バベル
僕が暮らすアパートの真向かいに、人が誰もいない、巨大なビルがある。
この辺りでは一番高いビルで、40階はあるだろうか。
デベロッパーが資金不足になったとかで、建設が中止されてしまったのだろう。
ビルを人に例えるなら、頭(最上階)から腰辺り(20階ぐらい)までの上半身はガラスも入り、ビルとしての様相を呈している。が、足元の地上から10階ぐらまでは壁すらなく、コンクリートの柱がむき出しになっている。

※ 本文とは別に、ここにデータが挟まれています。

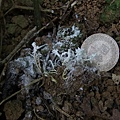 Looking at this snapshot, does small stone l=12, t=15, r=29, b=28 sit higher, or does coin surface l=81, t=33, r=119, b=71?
small stone l=12, t=15, r=29, b=28

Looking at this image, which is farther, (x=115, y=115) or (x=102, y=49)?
(x=102, y=49)

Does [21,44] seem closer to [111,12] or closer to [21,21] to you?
[21,21]

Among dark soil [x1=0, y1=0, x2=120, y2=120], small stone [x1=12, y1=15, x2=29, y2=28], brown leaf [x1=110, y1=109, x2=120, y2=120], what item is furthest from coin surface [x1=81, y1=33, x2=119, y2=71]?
small stone [x1=12, y1=15, x2=29, y2=28]

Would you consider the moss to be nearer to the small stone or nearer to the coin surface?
the coin surface

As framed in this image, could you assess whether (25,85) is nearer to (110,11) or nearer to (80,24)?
(80,24)

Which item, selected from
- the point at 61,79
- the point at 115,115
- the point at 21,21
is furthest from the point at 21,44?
the point at 115,115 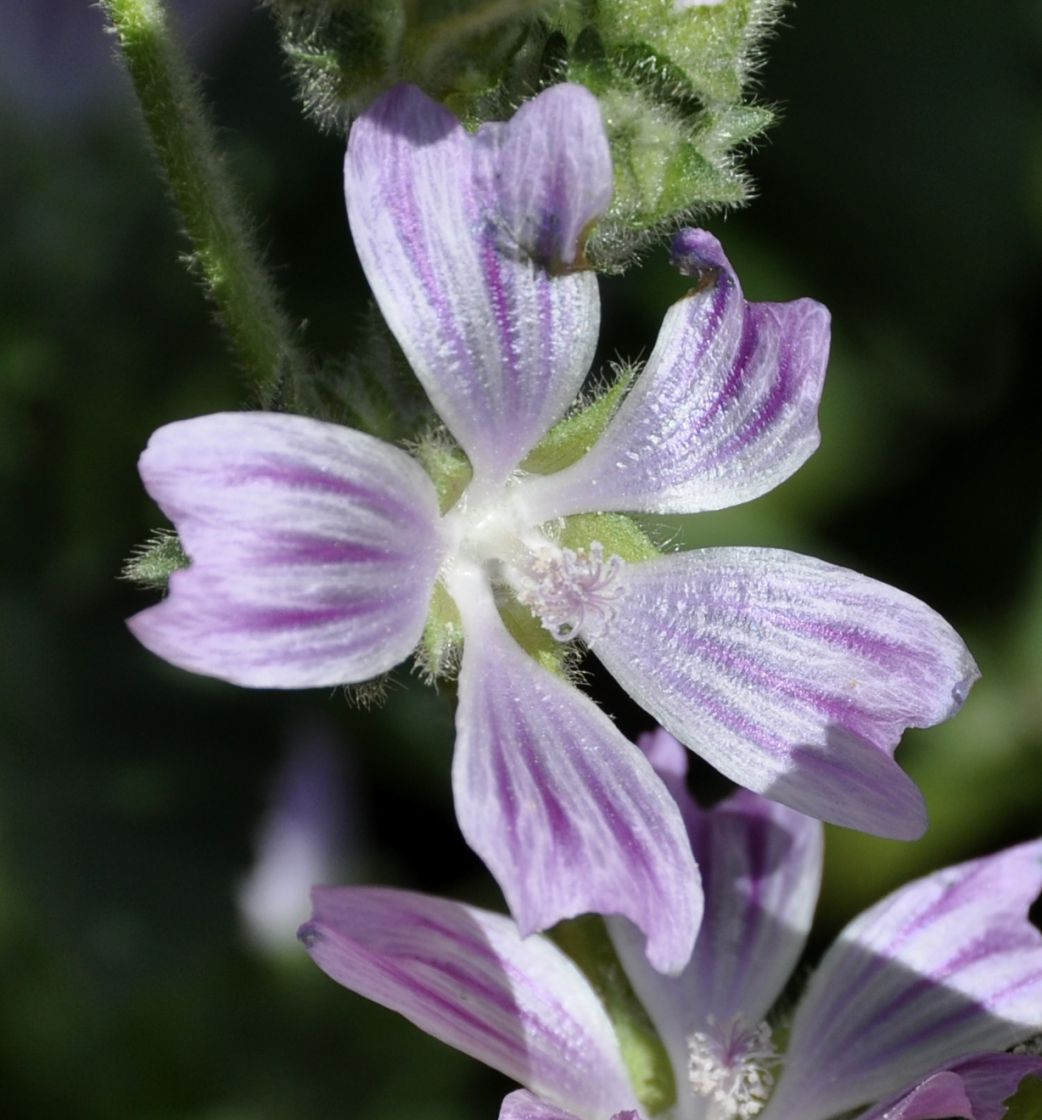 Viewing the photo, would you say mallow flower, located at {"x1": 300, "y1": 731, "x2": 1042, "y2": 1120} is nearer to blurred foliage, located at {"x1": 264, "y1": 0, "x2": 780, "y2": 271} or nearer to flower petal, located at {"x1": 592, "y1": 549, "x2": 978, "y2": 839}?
flower petal, located at {"x1": 592, "y1": 549, "x2": 978, "y2": 839}

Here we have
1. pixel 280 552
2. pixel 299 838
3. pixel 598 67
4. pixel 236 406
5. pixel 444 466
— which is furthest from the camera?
pixel 299 838

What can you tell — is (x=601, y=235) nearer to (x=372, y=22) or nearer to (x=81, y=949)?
(x=372, y=22)

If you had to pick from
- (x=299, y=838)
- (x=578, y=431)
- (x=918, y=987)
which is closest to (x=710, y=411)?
(x=578, y=431)

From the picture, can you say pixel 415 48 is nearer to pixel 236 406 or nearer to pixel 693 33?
pixel 693 33

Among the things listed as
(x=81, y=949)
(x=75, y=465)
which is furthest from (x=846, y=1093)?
(x=75, y=465)

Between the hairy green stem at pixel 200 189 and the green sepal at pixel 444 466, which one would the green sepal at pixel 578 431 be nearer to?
the green sepal at pixel 444 466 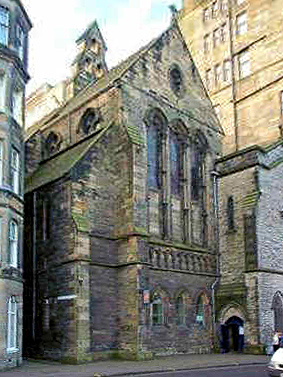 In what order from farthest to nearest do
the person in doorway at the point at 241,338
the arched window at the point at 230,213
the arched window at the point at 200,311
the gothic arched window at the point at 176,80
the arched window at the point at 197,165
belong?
1. the arched window at the point at 197,165
2. the gothic arched window at the point at 176,80
3. the arched window at the point at 230,213
4. the arched window at the point at 200,311
5. the person in doorway at the point at 241,338

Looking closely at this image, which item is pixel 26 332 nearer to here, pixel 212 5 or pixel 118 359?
pixel 118 359

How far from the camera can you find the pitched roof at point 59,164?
29.8 metres

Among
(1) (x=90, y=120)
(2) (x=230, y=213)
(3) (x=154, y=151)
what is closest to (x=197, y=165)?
(2) (x=230, y=213)

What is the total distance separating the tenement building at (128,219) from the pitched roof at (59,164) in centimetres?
10

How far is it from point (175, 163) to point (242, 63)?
15930mm

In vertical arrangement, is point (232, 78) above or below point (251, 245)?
above

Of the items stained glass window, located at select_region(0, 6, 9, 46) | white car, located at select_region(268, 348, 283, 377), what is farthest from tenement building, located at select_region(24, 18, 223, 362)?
white car, located at select_region(268, 348, 283, 377)

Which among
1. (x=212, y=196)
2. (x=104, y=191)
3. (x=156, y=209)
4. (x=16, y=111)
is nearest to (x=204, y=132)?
(x=212, y=196)

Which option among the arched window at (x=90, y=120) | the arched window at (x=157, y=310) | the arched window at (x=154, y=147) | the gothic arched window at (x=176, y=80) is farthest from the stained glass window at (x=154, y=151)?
the arched window at (x=157, y=310)

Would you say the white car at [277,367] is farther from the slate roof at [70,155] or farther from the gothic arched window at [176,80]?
the gothic arched window at [176,80]

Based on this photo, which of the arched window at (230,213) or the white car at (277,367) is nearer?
the white car at (277,367)

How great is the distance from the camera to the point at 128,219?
29141mm

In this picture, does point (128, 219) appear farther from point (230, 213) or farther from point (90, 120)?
point (230, 213)

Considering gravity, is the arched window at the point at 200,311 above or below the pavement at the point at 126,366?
above
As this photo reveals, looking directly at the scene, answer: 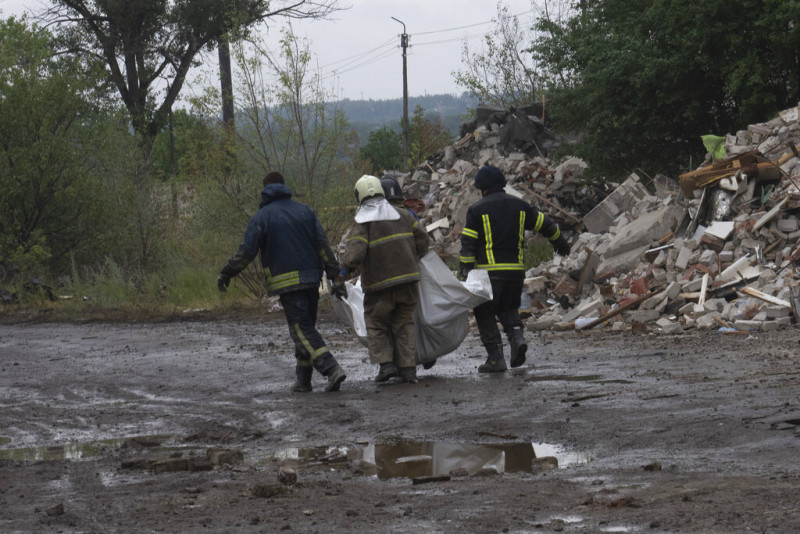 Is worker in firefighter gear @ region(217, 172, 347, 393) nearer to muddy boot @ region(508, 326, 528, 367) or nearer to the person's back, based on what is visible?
the person's back

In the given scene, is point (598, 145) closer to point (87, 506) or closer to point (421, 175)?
point (421, 175)

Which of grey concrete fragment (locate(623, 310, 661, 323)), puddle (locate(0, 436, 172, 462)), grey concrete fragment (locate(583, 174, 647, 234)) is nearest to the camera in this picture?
puddle (locate(0, 436, 172, 462))

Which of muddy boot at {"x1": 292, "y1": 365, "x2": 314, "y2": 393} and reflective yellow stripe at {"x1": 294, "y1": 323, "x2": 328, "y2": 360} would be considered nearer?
reflective yellow stripe at {"x1": 294, "y1": 323, "x2": 328, "y2": 360}

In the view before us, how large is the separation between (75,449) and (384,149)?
7080cm

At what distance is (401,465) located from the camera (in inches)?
249

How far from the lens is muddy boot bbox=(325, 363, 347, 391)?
966 cm

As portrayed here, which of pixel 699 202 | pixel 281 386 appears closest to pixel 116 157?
pixel 699 202

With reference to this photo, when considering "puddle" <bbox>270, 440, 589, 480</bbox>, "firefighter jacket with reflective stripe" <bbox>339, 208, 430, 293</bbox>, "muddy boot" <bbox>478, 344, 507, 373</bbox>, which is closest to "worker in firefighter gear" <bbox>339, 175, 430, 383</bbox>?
"firefighter jacket with reflective stripe" <bbox>339, 208, 430, 293</bbox>

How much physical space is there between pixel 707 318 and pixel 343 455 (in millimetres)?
8014

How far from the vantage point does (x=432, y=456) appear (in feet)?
21.4

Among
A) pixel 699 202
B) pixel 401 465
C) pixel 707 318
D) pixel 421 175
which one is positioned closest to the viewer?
pixel 401 465

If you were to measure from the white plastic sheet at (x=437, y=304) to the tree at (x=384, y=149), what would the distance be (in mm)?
64092

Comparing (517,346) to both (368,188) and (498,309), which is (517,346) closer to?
(498,309)

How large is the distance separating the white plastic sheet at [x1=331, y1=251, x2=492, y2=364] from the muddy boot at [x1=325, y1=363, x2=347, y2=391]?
0.61m
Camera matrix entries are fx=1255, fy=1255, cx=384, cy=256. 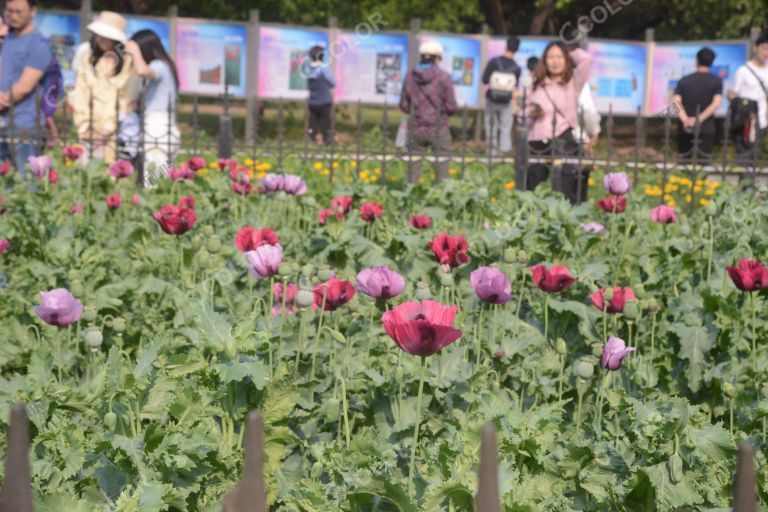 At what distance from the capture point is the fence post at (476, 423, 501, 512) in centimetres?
107

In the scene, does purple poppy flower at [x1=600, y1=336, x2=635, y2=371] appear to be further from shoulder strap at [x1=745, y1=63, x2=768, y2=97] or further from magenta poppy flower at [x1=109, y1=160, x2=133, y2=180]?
shoulder strap at [x1=745, y1=63, x2=768, y2=97]

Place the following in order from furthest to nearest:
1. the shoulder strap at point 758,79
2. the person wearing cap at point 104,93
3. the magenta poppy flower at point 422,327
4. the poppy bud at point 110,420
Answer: the shoulder strap at point 758,79 < the person wearing cap at point 104,93 < the poppy bud at point 110,420 < the magenta poppy flower at point 422,327

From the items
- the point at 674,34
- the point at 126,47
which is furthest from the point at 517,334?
the point at 674,34

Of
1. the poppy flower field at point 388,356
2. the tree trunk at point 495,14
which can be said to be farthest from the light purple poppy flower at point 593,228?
the tree trunk at point 495,14

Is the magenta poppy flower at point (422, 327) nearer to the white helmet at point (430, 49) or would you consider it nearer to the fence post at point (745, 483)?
the fence post at point (745, 483)

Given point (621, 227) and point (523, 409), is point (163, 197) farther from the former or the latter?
point (523, 409)

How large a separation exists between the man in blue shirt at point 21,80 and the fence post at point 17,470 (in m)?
7.26

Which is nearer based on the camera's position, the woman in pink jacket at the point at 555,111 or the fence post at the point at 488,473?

上半身は服を着ているが、下半身は何も身につけていない巨人のように。
時が何年間も止まったままになっている。
巨人は、夜になっても黒い図体をみせて天空に向けて突っ立つ。
最上階の屋上からは作業用のクレーンが顔を出し、化け物のような手を霧で曇る暗闇の中に突っ込んでいる。
寝床にに入る前、僕はベランダで歯磨きをしながら、巨人を見上げた。
巨人はどうして生まれ、どんな人々が関わり、そして最後にはなぜこれほど無残に捨てられたのか。下半身をさらしたままのバベルの塔になったのか。
歯磨き粉の中で、僕のはなかい想像は溶かされていく。
実は、確かなものなどこの世の中にはひとつだって無いのかもしれない。
世界のお金を集め続けていたウォール街の金融システムでも、破綻リスクを取引するクレジット・デフォルト・スワップ(CDS)も、世界のものを作り続けてきた中国の「世界の工場」ですら、いつかは不確実性の中に拡散していく。
ただ、夢や希望、目的、目標、失望、絶望、…そんな人の気持ちのゆらぎが、この街を形作り、巨額を動かし、この巨人を動かしているだけ。
広州で出会ったバベルの塔。
巨人が突っ立つ世界の不確かさが、僕を眠りに誘う。
誰もが寝静まった深夜、誰もいないはずの高層ビルの中ほどの窓から、小さな明かりが差しているのかもしれない。